In her interview with Guernica, she discussed that book, her career, the modern publishing ecosystem, what she likes to read, and what first-time authors ought to be thinking about. Given how dark and foreboding the industry can seem to unpublished writers, her perspective on the latter should be encouraging. It’s also my favorite line in the interview: “There’s nothing more exciting for an editor that finding a finished, interesting, carefully-produced manuscript by a new author.”

That’s right: it’s important to remember that there’s nothing editors like more than a brilliant new book from a writer they’ve never heard of. It’s disappointing to open a rejection letter. However, it’s similarly disappointing to send rejections, because with every single new pitch, editors and agents open it thinking, “This could be the next big thing.

What makes Cold Mountain especially worthwhile as case study, however, is that it violates Schmitz’s own rules on how to be successful.

Finish and Polish and Polish Some More?

In a section of the interview on advice to beginning writers, Schmitz notes that you only get one chance to make a first impression. “Your first submission to a publisher is critical, so you need to work on it.” It’s true that you can’t submit a meh novel tomorrow and expect agents and editors not to remember when you submit a better one in March 2015. They totally remember it’s the same person.

Schmitz also emphasizes that editors usually don’t like unfinished manuscripts.
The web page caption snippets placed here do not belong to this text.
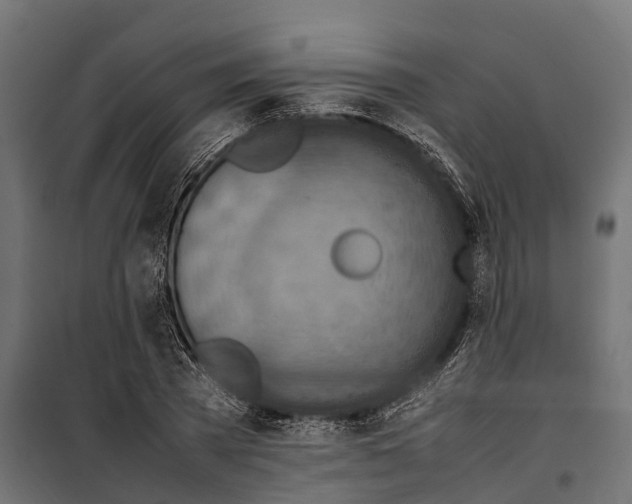 X0000099980785200806201425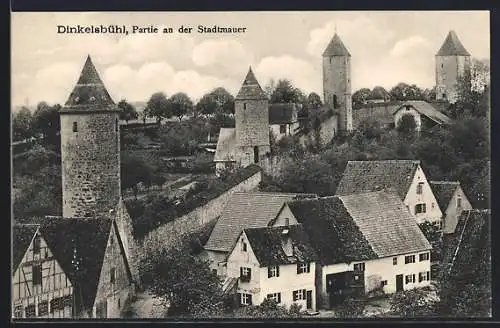 AK Dinkelsbühl, Partie an der Stadtmauer
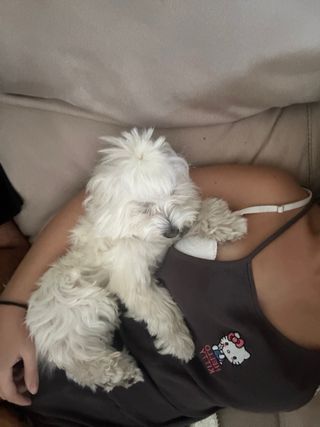 Cuidadora de mascotas: Paseos, visitas, en casa...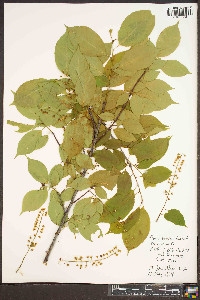 Prunus serotina var. serotina image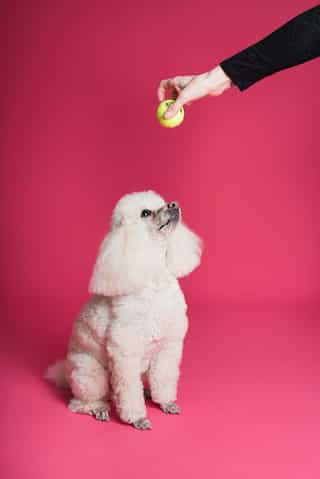 5 Essential Tips to Train Your Dog at Home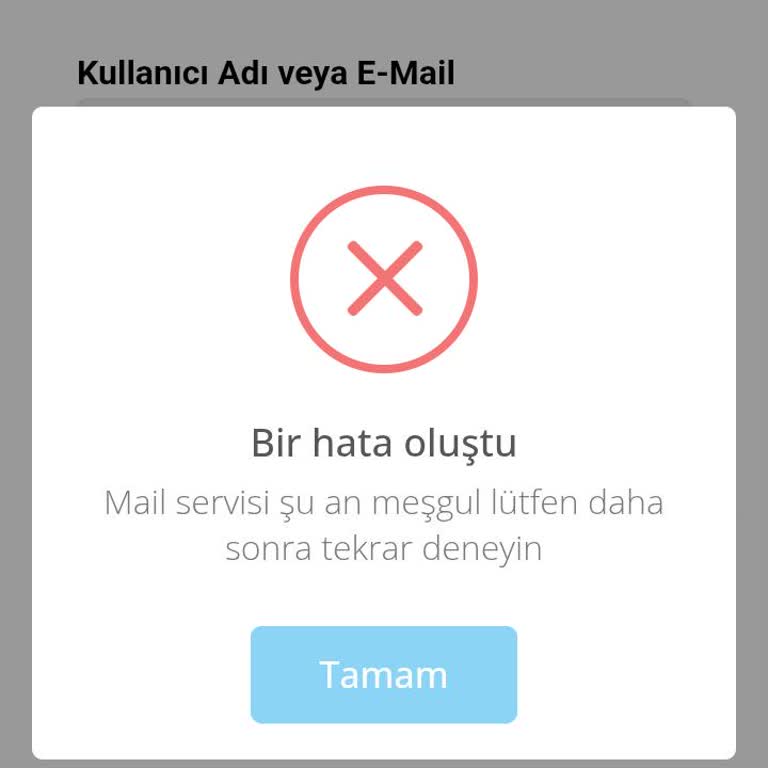 Şifre Sıfırlama Maili Gönderilemedi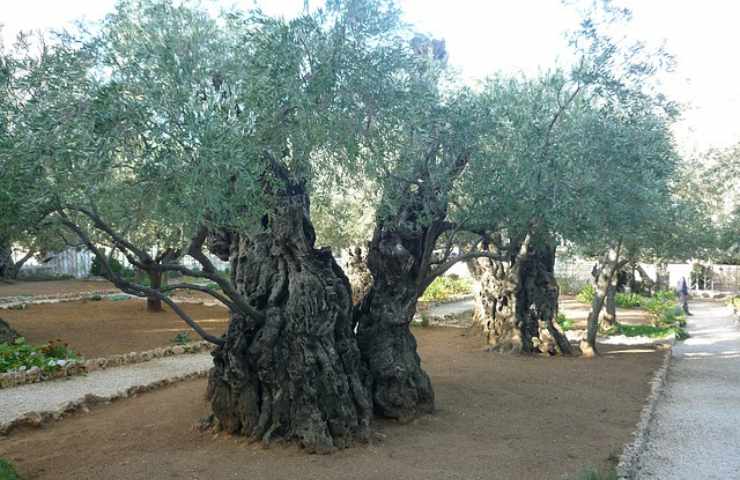 potatura verde olivo come si fa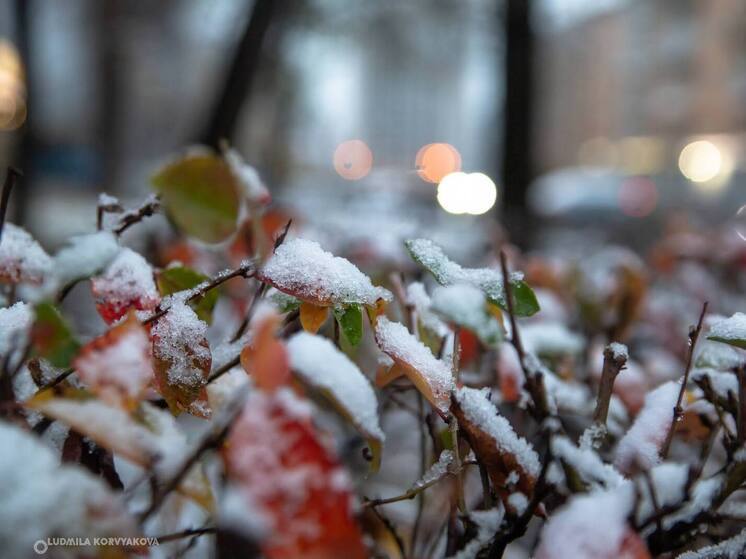 Морозные ночи до -5°C ожидаются в Карелии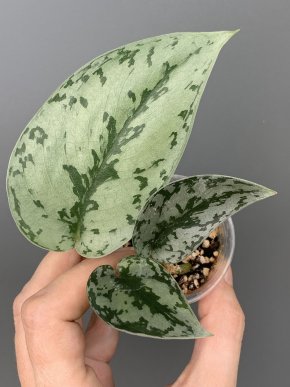 Scindapsus Silver Lady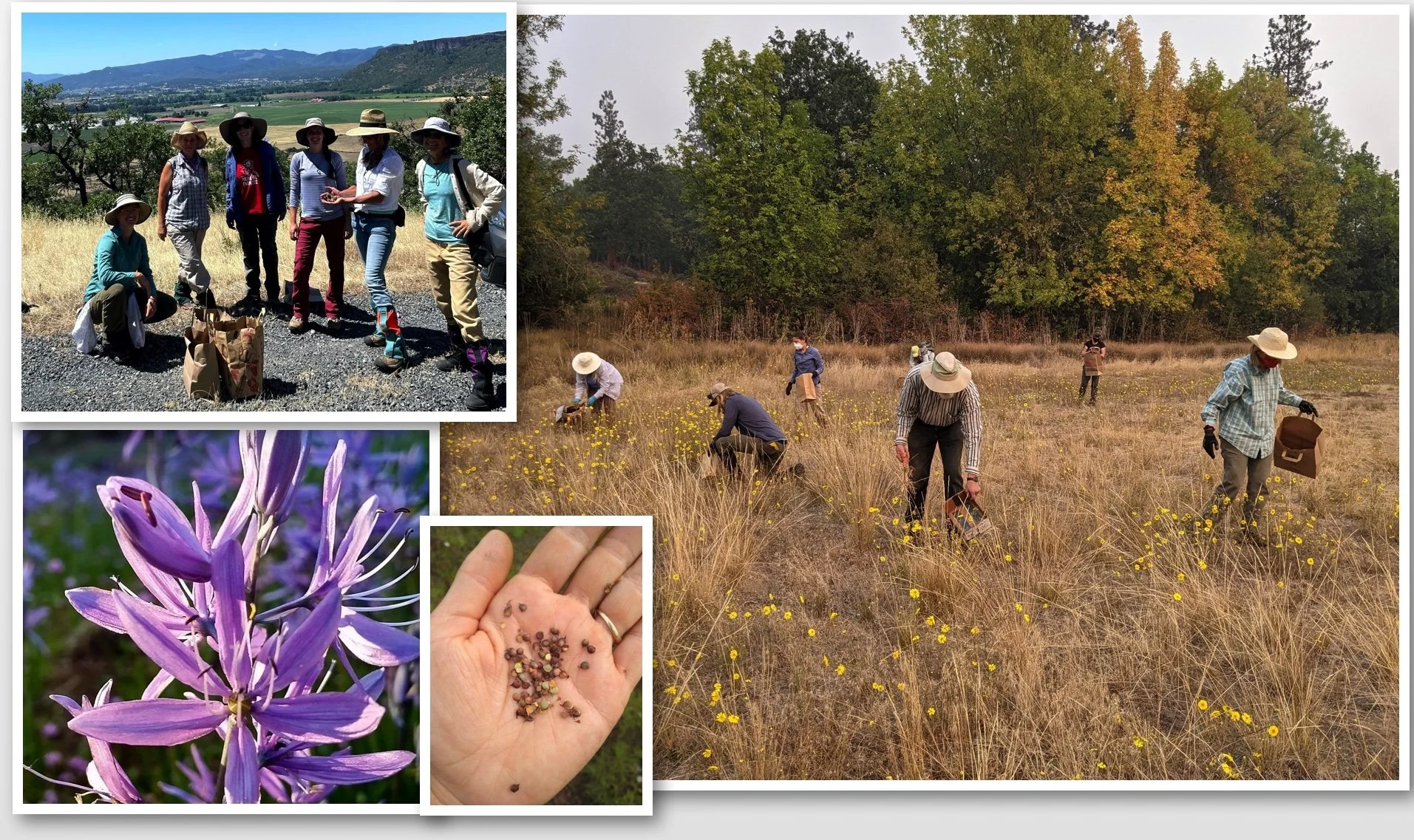 French Flat Seed Blitz!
While most nonfiction books are sold on a proposal and some sample material, with anything narrative—a novel, a literary memoir, a nonfiction book written with the movie rights potential in mind—the more material the editor has the better. So Schmitz’s advice is to finish your book and polish it. And polish it some more. Revise it until every word sparkles.
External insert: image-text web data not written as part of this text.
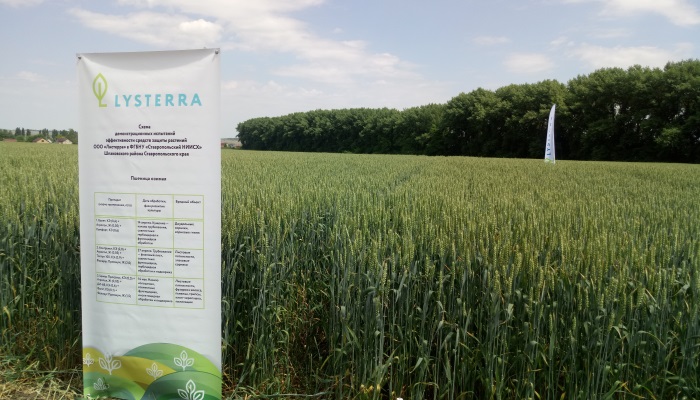 Ставропольский край — один из основных регионов России по возделыванию озимой пшеницы. Природно-климатические условия региона позволяют получать зерно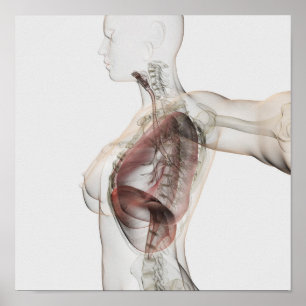 Poster vue 3D de l'appareil respiratoire femelle 2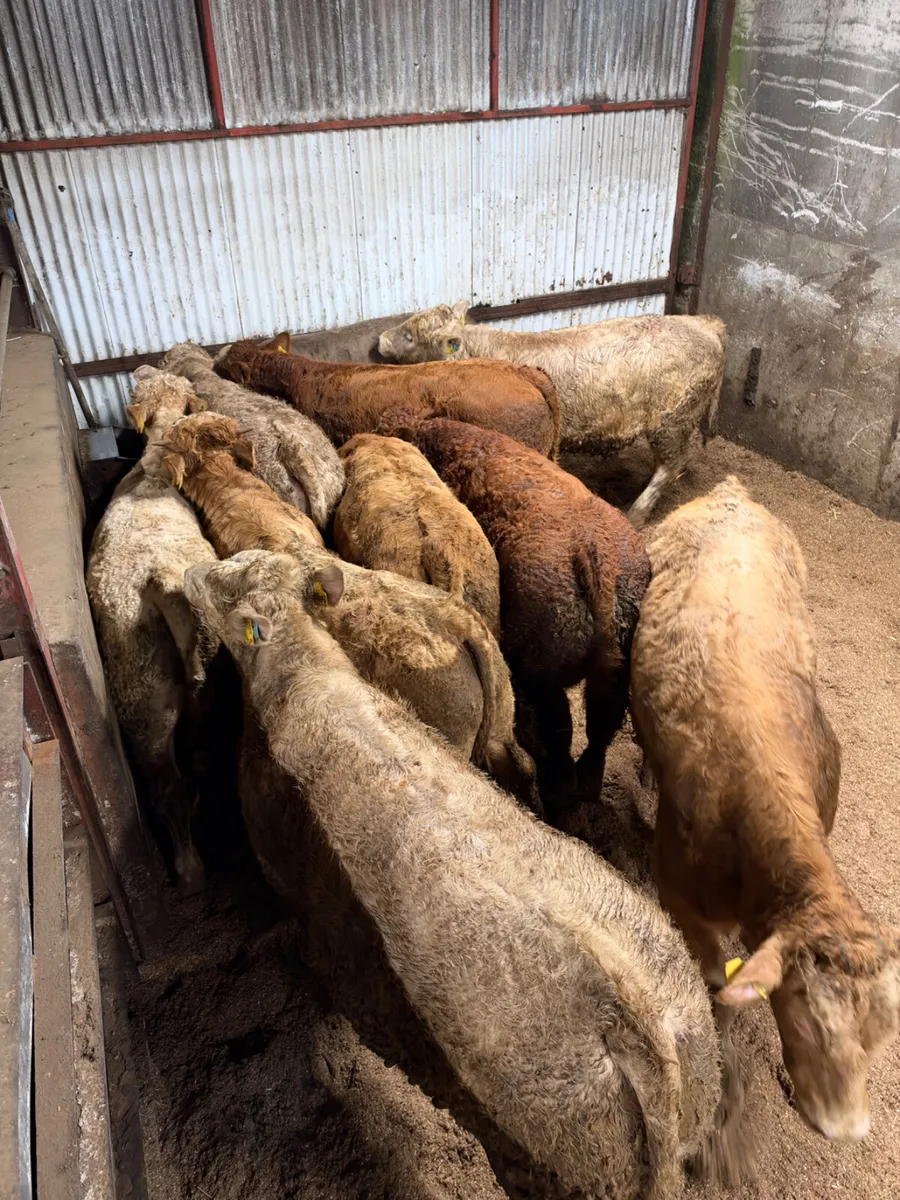 Charolais and sim bulls - Image 2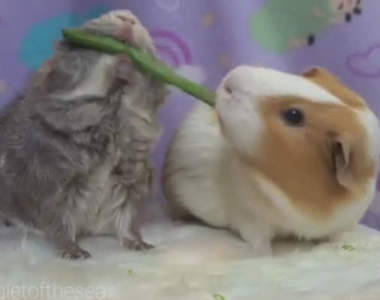 《天竺鼠不分享食物》一起吃飯都像在拔河一樣ww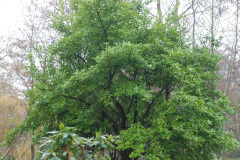 221.2013-03-09-Poole-Park-Poole-Dorset.-221-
This is good advice, and yet it’s not what happened with her biggest success. Charles Frazier polished his words, but what he submitted was still only a partial manuscript. So what was the difference?

Getting Readers To Trust You 

I have three reactions to material writers send me, and I have them within the first few pages. The first and most common is, “Ain’t nobody got time for that.” For those writers, I have some generic rejections that are kind and informative without being encouraging. My second reaction is, “I like this writer, but I can already see where this train is going to run off the tracks. Luckily, I know how to fix it.”  (That’s probably 90% of my clients.)

The third reaction I can have to a piece of work is when I have no idea where the writer is taking me—and I’m fine with that. I can tell from the way it is unfolding on the page that even if I can give useful advice, it’s going to be good before I give that advice. Plus, that writer usually takes my counsel and turns it into something better than I was suggesting anyway.

In other words, I can tell within the first few pages of a submission whether I trust a writer. I’m guessing that’s also exactly how Schmitz feels about her favorite signings.

Establish Your Voice

One of the best ways to establish a reader’s trust is to quickly and firmly establish your voice. It doesn’t matter if your first pages also set up the main character or the location or the time period or anything else. What matters is that those pages also sound exactly how you want the world to hear you.

I read so many manuscripts that open with a brief overview of what the main character has been up to for the past five years. Oh my god, why? You just grabbed your readers by the lapel, you have their attention, and you start reading them a resume? I also read a lot of nonfiction proposals that start with a description of how much the world needs a book like this one. Sure, that should be in there, but by the end of the first few paragraphs I want to know you as a writer.

In both cases, what comes across is the writer’s eagerness to declare the work’s importance, not the actual importance of the work. Instead, make your opening riveting—make your unique voice as a writer shine through—and you’ll be surprised where readers will follow you.